Interventions

Evaluation et contrôle du Gouvernement

Débat sur le mal-logement

QUESTION

Je me fais ici l’interprète de Mme Karine Lebon, retenue à La Réunion.

Une grande partie du mal-logement dans les outre-mer est liée à la rareté du foncier, elle-même exacerbée par le problème inextricable de l’indivision successorale. La loi du 27 décembre 2018, dite loi Letchimy, installe un modus vivendi qui, même s’il n’est pas pérenne, est indispensable pour dénouer des situations complexes que le droit commun ne pouvait résoudre.

Grâce à cette loi, des solutions commencent à être trouvées, mais les notaires, qui en sont la cheville ouvrière, doivent régler en moins de dix ans maintenant des successions non traitées sur plusieurs générations. Ils font face à l’absence de titre de propriété et à des indivisions en cascade dont certaines remontent à la période post-esclavagiste. Ils doivent de surcroît assurer la publicité de ces nouvelles mesures dans des territoires où le poids des traditions pèse sur des populations pour qui le recours au notaire n’est pas une évidence.

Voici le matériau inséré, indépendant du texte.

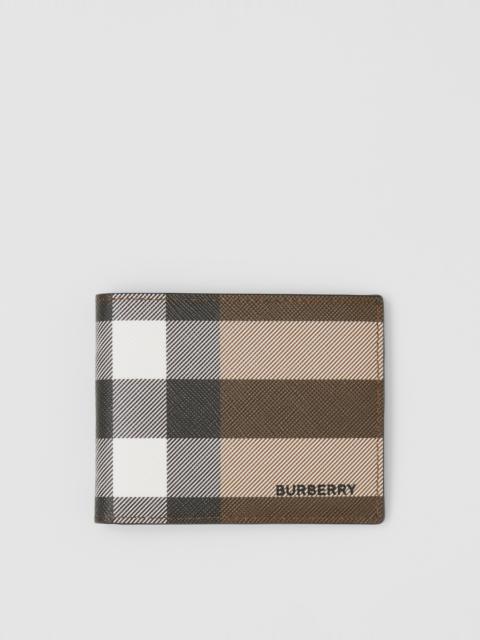 Burberry Exaggerated Check Slim Bifold Wallet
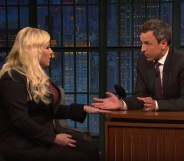 Seth Meyers interviews Meghan McCain on his show, an exchange that prompted her husband to attack him in a series of tweets.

Si un notaire déterminé réussit à surmonter tous ces obstacles et arrive enfin au partage du bien indivis, il faut encore que les familles concernées acceptent de supporter les frais de cette démarche.

Lors du congrès des notaires d’octobre 2020, le garde des sceaux a rappelé aux notaires des outre-mer que leur implication était primordiale pour que cette loi soit appliquée.

Madame la ministre déléguée, nous devons aider les indivisaires à connaître et accepter la procédure prévue par cette loi. Les collectivités prennent déjà leur part de responsabilité dans l’acquisition des titres de propriété. Mais l’implication de l’État est également primordiale, et les notaires attendent de vous une aide financière spécifique destinée à financer les coûts induits par la sortie de l’indivision. Comment entendez-vous participer à cet effort collectif ?

Mme la présidente.

Mme Emmanuelle Wargon, ministre déléguée.

Je salue votre collègue Karine Lebon, dont je regrette qu’elle ait été retenue.

La question de l’indivision est essentielle un peu partout dans les outre-mer. À la Martinique, c’est 26 % du foncier qui est concerné, et je sais que ce chiffre est également significatif à La Réunion. Ces problèmes d’indivision entraînent des carences de titrement, ce qui pénalise les indivisaires ; l’indivision rend plus difficile la mobilisation du foncier pour construire, et mène in fine à l’abandon de biens qui finissent par constituer des sortes de verrues dans les villes. Enfin, l’insuffisance de l’offre foncière qui résulte de ces phénomènes tire les prix vers le haut et affaiblit le potentiel fiscal des collectivités.

Une première réponse, vous l’avez dit, est apportée par la loi Letchimy, qui assouplit le droit de propriété afin de mieux mobiliser le foncier, notamment en permettant de vendre ou de partager les biens indivis à la majorité et non à l’unanimité des indivisaires. Cette loi est une avancée ; elle propose une expérimentation sur dix ans.

Dans les faits, je reconnais qu’elle est peu appliquée, en particulier à La Réunion. Le Gouvernement est très attentif à la situation. Nous avons commencé par sécuriser le dispositif législatif par un décret, pris en 2020, pour répondre aux inquiétudes des notaires sur les formalités de publicité.

Il revient finalement aux notaires, vous l’avez dit, de se saisir pleinement de ces dispositions, comme l’a redit le garde des sceaux lors de leur congrès en octobre 2020. Un bilan de la loi Letchimy sera dressé cette année par la direction générale des outre-mer (DGOM). L’État suivra son application avec attention, et prendra le cas échéant les mesures complémentaires nécessaires.

Enfin, s’agissant plus généralement de la disponibilité du foncier à La Réunion, le plan Logement outre-mer 2, qui couvre les années 2019 à 2022, a permis de maintenir le niveau de la construction sur l’île et de doubler le nombre de réhabilitations sur ce territoire.